Academica CEO Fernando Zulueta said his company "supports candidates who support the right of parents to choose the best education for their children."
"Proliferating that message is not inexpensive and requires an investment in time and resources," he wrote in a statement.
Thousands of dollars also came in from education companies in Pennsylvania, Tennessee and Kansas.
An Arizona-based corporation called Apollo Group spent $95,000 on Florida races and political committees, state records show. Apollo owns the for-profit University of Phoenix and has dabbled in online high schools.
Spokesman Richard Castellano would not say why the company was making a targeted investment in Florida, or why it gave $15,000 to a political committee aligned with Gov. Rick Scott. The company was one of several that declined to be interviewed about their campaign contributions.
Tom Cerra, who lobbies for the Miami-Dade school system, said the for-profit companies are positioning themselves to push through an ambitious agenda.
Florida allows charter schools, which receive public dollars, but are run by private management companies, and provides a limited number of school vouchers to low-income children and children who have disabilities. The programs are growing. About 9 percent of children enrolled in Florida public schools take part.
Next year's legislative session provides another opportunity to make Florida schools even friendlier to private interests.
The charter-school lobby will fight for a share of the lucrative construction dollars allocated to traditional school districts, something it failed to accomplish last year.
Advocates may also try to change the law that says only local school districts can approve new charter schools, with the goal of letting nonprofit organizations or a state commission authorize schools, too. Charter schools often complain they don't get a fair shake from school districts, which would rather keep students — and the $6,000 in state funding attached to each one — in the traditional school system.

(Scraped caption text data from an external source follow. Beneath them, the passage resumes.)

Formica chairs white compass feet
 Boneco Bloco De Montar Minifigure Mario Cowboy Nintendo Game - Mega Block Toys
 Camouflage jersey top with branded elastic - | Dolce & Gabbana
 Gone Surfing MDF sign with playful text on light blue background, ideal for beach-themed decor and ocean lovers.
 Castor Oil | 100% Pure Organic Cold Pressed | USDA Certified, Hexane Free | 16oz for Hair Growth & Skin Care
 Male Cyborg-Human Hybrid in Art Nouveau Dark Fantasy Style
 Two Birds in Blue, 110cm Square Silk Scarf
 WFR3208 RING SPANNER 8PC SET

Another high priority: a bill known as the parent trigger, which would let parents convert low-performing traditional schools into charter schools.
Virtual-school outfits have a different agenda that would build on past successes. In 2011, state lawmakers passed a bill requiring all high-school students to take at least one online course. The bill also opened the door to full-time virtual schooling for elementary-aged kids, and allowed for the creation of virtual charter schools.
For-profit colleges, meanwhile, want to protect the $2.3 million in publicly funded scholarships available for their students.
By and large, Republican candidates and the Republican Party of Florida have been the beneficiaries of the education firms' contributions. More than 90 percent of the dollars designated for political parties went to the GOP. And Republican candidates took in about 85 percent of the contributions made to individuals.
Some checks went to Democrats. Hage, of Charter Schools USA, made contributions to Ron Saunders and Victoria Siplin, two Democratic supporters of school choice who lost their bids for state Senate in the August primary. He also made a $100,000 contribution to a political committee that supports some Democrats.
Education company chiefs contend their dollars are needed to offset campaign contributions from the teachers' unions, which have fought against the proliferation of virtual and charter schools, and have been longtime supporters of the Democratic Party.
The Florida Education Association spent about $1 million on statehouse races, including contributions to political campaigns and committees, director of public policy advocacy Jeff Wright said. It spent another $1 million to oppose a constitutional amendment that could allow private religious schools to receive state funding.
But Wright called that sum "an insignificant amount compared to what we're up against."
Former state Rep. Ralph Arza, a Miami Republican who lobbies for the Florida Consortium of Public Charter Schools, did not deny that charter schools and other education entities have become more involved in the legislative process.
"For a long time, if you were on an education committee, you would struggle to raise money," he said. "That is changing."
But Arza said contributions from education companies are still far less than those coming in from the health care and insurance industries.
"Does it guarantee anybody anything by making these donations? No," he said.